Dr. Jennifer Jones is the head of New York’s Green Ivy Schools. She focuses on comfortable, engaging, and aesthetic learning space. She also focuses on integrating the space with the curriculum; having the space reflect and enforce the school’s learning goals. Here’s how a profile of Jones from EmergingEdTech.com describes it:

The classrooms are outfitted with wall to wall white boards for ‘surround sound learning,’ and the walls between classrooms are designed to fold away, to bring two class groups together to combine ideas. There are no desks, not even at the middle school level; only large tables for communal learning. Through her careful curating of the entire academic experience, Ms. Jones is closing the gap between what parents’ ideas of traditional teaching and education are and a new world of integrated education that includes real-world, hands-on applications and an atmosphere full of bright, beautiful colors.

Furthermore, thoughtfully designed classrooms can offer digital-native students the ability to not only use technology, but use it holistically in learning—that is, learning with tech and about it.

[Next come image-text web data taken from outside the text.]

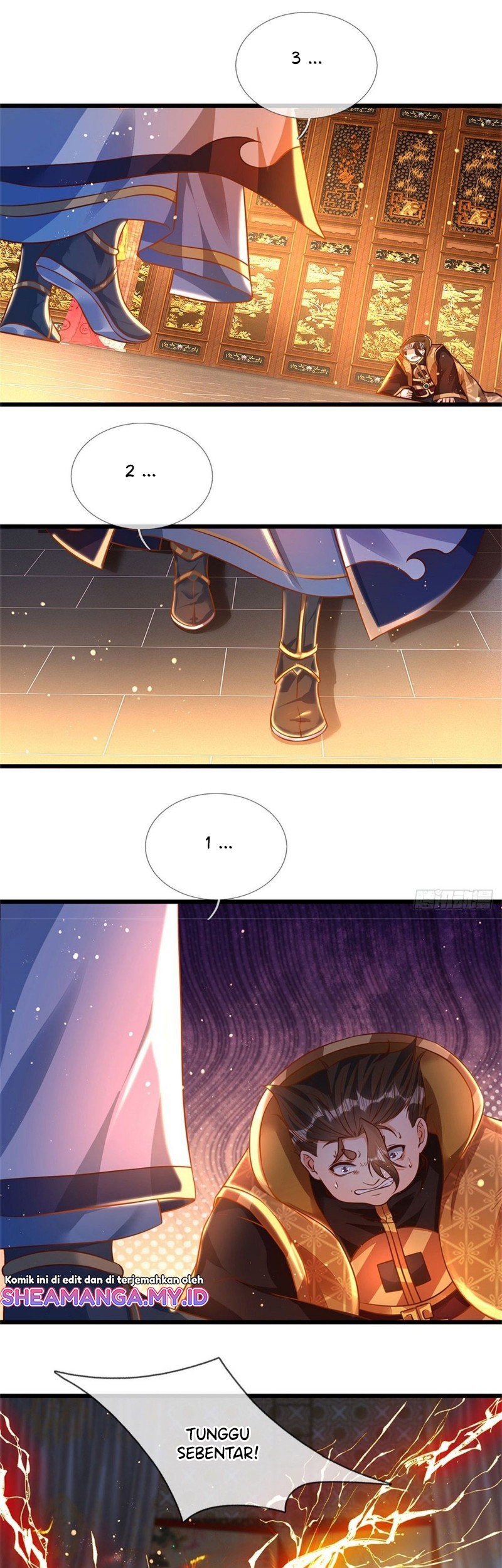 Baca Manhua Star Sign In To Supreme Dantian Chapter 42 Gambar 2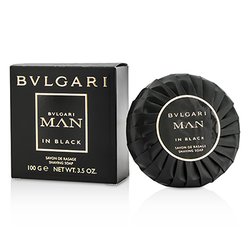 Bvlgari صابون حلاقة In Black 100g/3.5oz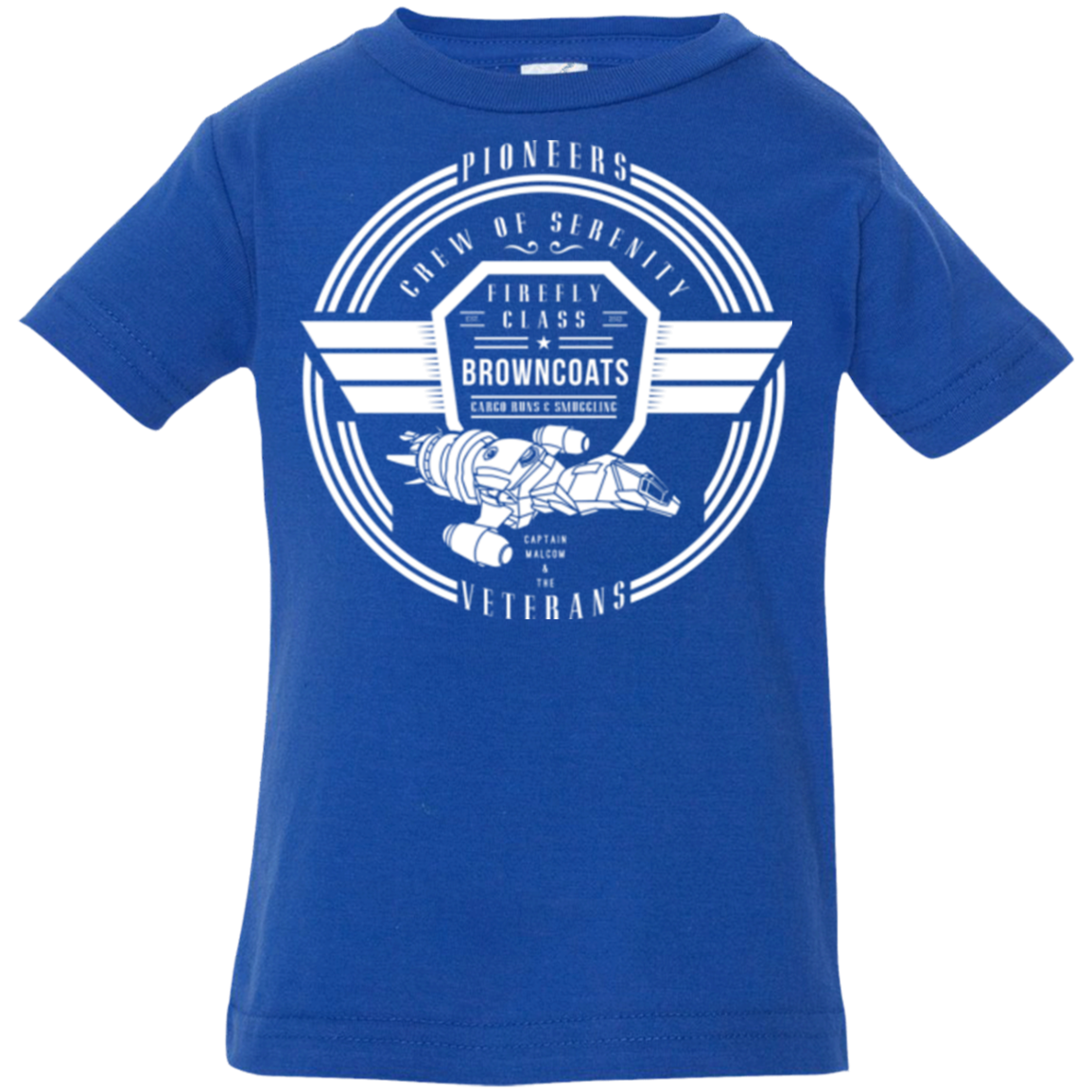 Crew of Serenity Infant Premium T-Shirt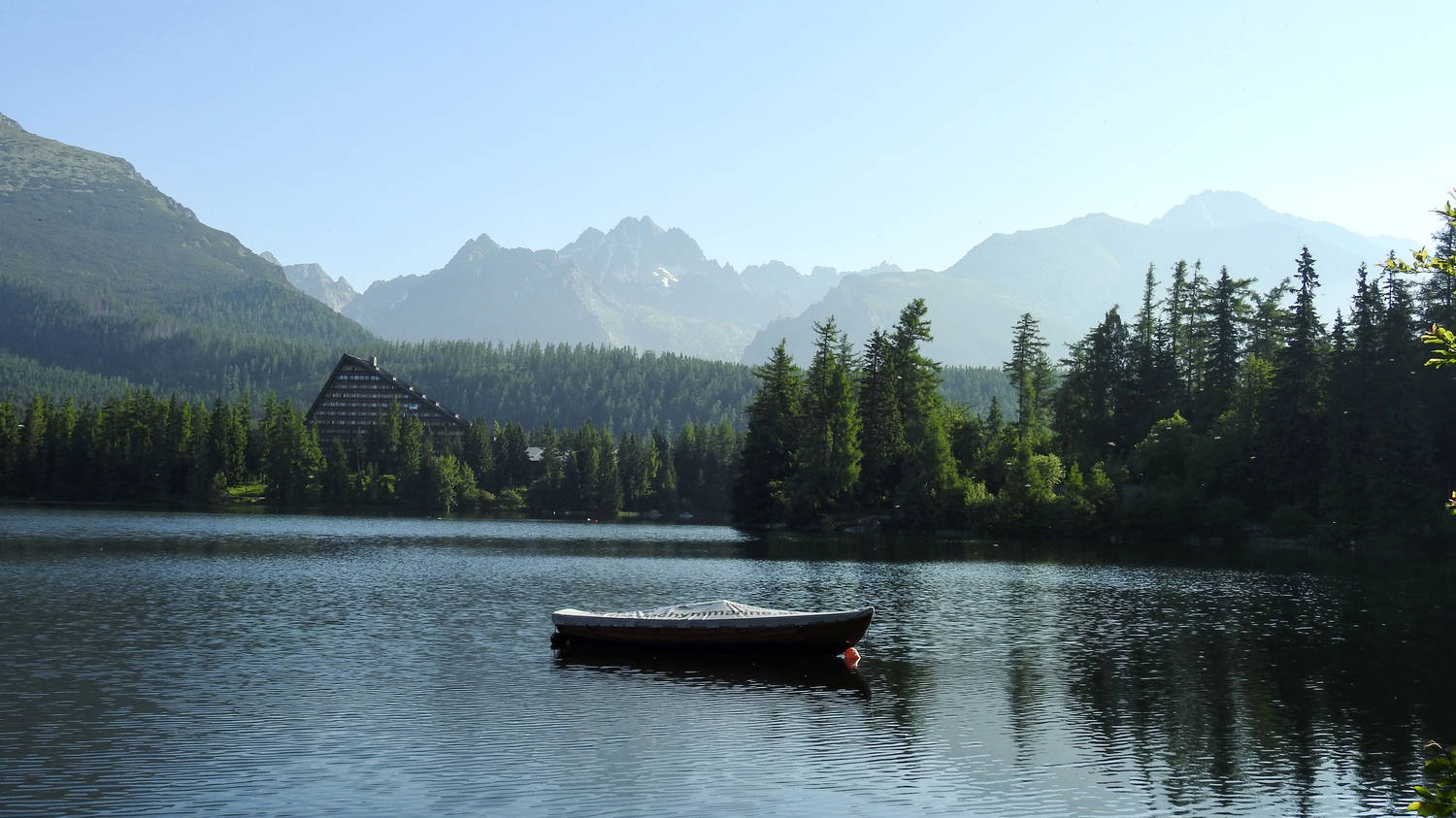 Štrbské pleso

In a 2015 TED Talk called “Reimagining Classrooms: Teachers as Learners and Students as Leaders,” Kayla Delzer notes the imperative to use classrooms as hotbeds for technology learning. “As educators,” she said, “it is now our job to be champions of digital citizenship.”

Helping students act responsibly in digital spaces, however, requires physical spaces that allow that learning and reflect the omnipresence of technology in our lives. It can be a daunting task. But coordination between stakeholders can help manage those changes.

Understanding District-Level Needs

Administrators and decision-makers have a large role in guiding how teachers, instructional coaches, media specialists, and librarians arrange and use spaces. Some districts are investing in making their learning spaces future ready one room at a time, while others are laying out district-level plans, securing grants, and organizing across campuses. Whatever their capability, districts should consider broad planning initiatives when it comes to interactive learning spaces, just the way they consider general facilities management.

Here’s how Ed Tech describes this movement toward modern learning environments:

In a modern learning environment, flexible classroom spaces organically integrate technology, helping teachers to better engage students and facilitate the mix of independent, small-group and whole-class learning that is now viewed as essential to student success.

In practice, this means space that facilitates the use of handheld devices, computers, and other technology in flexible, comfortable ways. Notably for administrators, this process includes understanding students needs, as well as working with stakeholders: “Whatever the project’s size, it’s important to include all relevant stakeholders during the design process, including the IT and facilities departments, school administrators, faculty and students, experts say.”